C1CCC(CC1)OC(=O)CC(C(=O)O)NC(=O)OCC2=CC=CC=C2

Z-L-aspartic acid β-cyclohexyl ester, a specialized compound with diverse applications in biochemical research and pharmaceutical development, is a key player in several critical areas. Here are four key applications presented with high perplexity and burstiness:

Peptide Synthesis: Serving as a fundamental component of peptide synthesis, Z-L-aspartic acid β-cyclohexyl ester acts as a shielded amino acid, safeguarding against undesired reactions in the coupling process. The cyclohexyl ester group plays a pivotal role in facilitating the precise and efficient assembly of peptide chains, crucial for the creation of innovative therapeutic peptides and the exploration of protein interactions.

Drug Development: Harnessing its distinctive composition, this compound emerges as a foundational element in the construction of novel drug molecules. By integrating Z-L-aspartic acid β-cyclohexyl ester into drug candidates, researchers elevate the stability and bioavailability of these compounds. Its participation in structure-activity relationship studies contributes to refining drug efficacy and mitigating potential adverse effects, steering drug development towards enhanced outcomes.

Enzyme Inhibition Studies: Unveiling its potential in the domain of enzyme inhibition, Z-L-aspartic acid β-cyclohexyl ester aids in the design of potent enzyme inhibitors. By mirroring the structure of natural substrates, it illuminates the intricate interactions between enzymes and substrates. This comprehension serves as a linchpin in crafting inhibitors capable of modulating enzymatic behaviors, a critical pursuit across therapeutic domains like cancer and metabolic disorders.

Chiral Synthesis: Within the realm of organic chemistry, Z-L-aspartic acid β-cyclohexyl ester assumes a central role in chiral synthesis, enabling the production of chiral intermediates. Its enantiomerically pure form stands as a cornerstone in the creation of molecules with precise stereochemical arrangements. This facet proves particularly vital in pharmaceutical synthesis, where the chirality of a drug exerts a profound influence on its effectiveness and safety, underscoring the significance of Z-L-aspartic acid β-cyclohexyl ester in advancing pharmaceutical science.

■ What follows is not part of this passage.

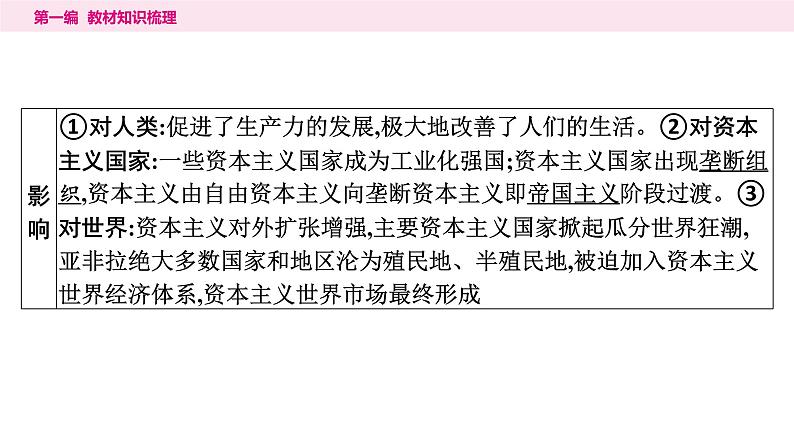 2024年中考历史一轮复习课件：世界近代史5第二次工业革命和近代科学文化第7页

1.Influence of reaction conditions on syntheses of sweetener precursors catalyzed by thermolysin in tert-amyl alcohol.

Xing GW1, Tian GL, Ye YH. J Pept Res. 1998 Oct;52(4):300-4.

The activity of enzymes to form a peptide bond in organic solvent was greatly influenced by observed pH and water content. The precursors of two sweeteners, P-Asp-Xaa-OR (P=Z or For, Xaa-OR=Phe-OMe or Ala-OcHex), were synthesized by enzyme, and the reaction conditions were studied systematically. Z-Asp-OH was coupled with H-Phe-OMe or H-Ala-OcHex by thermolysin in tert-amyl alcohol. The best coupling results were obtained when the optimized observed pH was 8 or 9, and the water content was about 6% (V/V). The protecting group Z is better than For under the reaction conditions and H-Phe-OMe is a better nucleophile than H-Ala-OcHex. The expected optically pure peptides were obtained when the racemic amino acids were used as amino components in the starting materials. The physical constants of P-Asp-Xaa-OR synthesized by thermolysin are identical with those of peptides synthesized by chemical method.